Moon Police Chief Leo McCarthy disagrees. McCarthy, who has served for the Moon Police Department for more than 37 years, said that the safety for travelers along the boulevard is better compared to previous years.

“Actually, traffic conditions have improved on University Boulevard over the past fifteen years as several new traffic signals have been added” said McCarthy. He goes on to say that, “In fact, the amount of traffic has dramatically decreased in the years that I have been here.”

McCarthy cited the former airport at the end of the boulevard and shopping center near the intersection of Brodhead Road and University Boulevard. Traffic regularly would be gridlocked at  various times of the day.

The issue of safety on the boulevard goes even deeper with the debate over whether there should be a left-turn light to enter Robert Morris’s Campus.

“As someone who makes this turn on a daily basis coming to Robert Morris, I feel it would be better having a turn light entering into RMU because there are people making the left turn into the shopping center who sometimes make it difficult to see for oncoming traffic” said Giza.

Paul Trunzo, 48, is a resident of Moon Township and has a completely different issue with the same intersection. He is more concerned about the safety of the pedestrians trying to cross the boulevard to get to Robert Morris’s campus.

“The boulevard needs to be better marked with warning signs, like Sewickley roads which have flashing lights cut into the pavement marking for the cross walk so drivers can see the pedestrians better” said Trunzo.

Robert Morris itself is also concerned about the safety of this intersection. Senior Director of Public Relations Jonathan Potts explains that the university is taking the necessary steps towards having a left-turn light installed.

“We (Robert Morris) are certainly are concerned that there is no left-hand turning lane and we have pressed local and state officials for years to place a turning signal there” said Potts.

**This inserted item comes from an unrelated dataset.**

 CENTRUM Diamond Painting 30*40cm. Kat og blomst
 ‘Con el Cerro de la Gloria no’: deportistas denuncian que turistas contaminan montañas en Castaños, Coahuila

McCarthy believes that adding this left-turn light could increase the safety of this intersection, but feels that the driver is the main factor that determines the safety of any intersection.

“Even with a turning lane with a green arrow, there will be crashes caused by persons who will fail to stop at a steady red signal and who drive carelessly” said Chief McCarthy.

Finally there is even the argument over whether the boulevard should be redesigned to have a center turn lane, similar to the road layout of Steubenville Pike.

“I feel this would be a good option in order to cut down on the lanes of traffic that need to be crossed to make a turn on or off the boulevard” said Giza supporting the idea.

Moon Township Fire Chief Charlie Belgie, who travels the boulevard as both a commuter and a responder to fire emergencies, disagrees with the idea and feels it would make traffic more chaotic for not only drivers, but also for safety officials.

“A single travel  lane with a turning lane would be a disaster waiting to occur” said Belgie.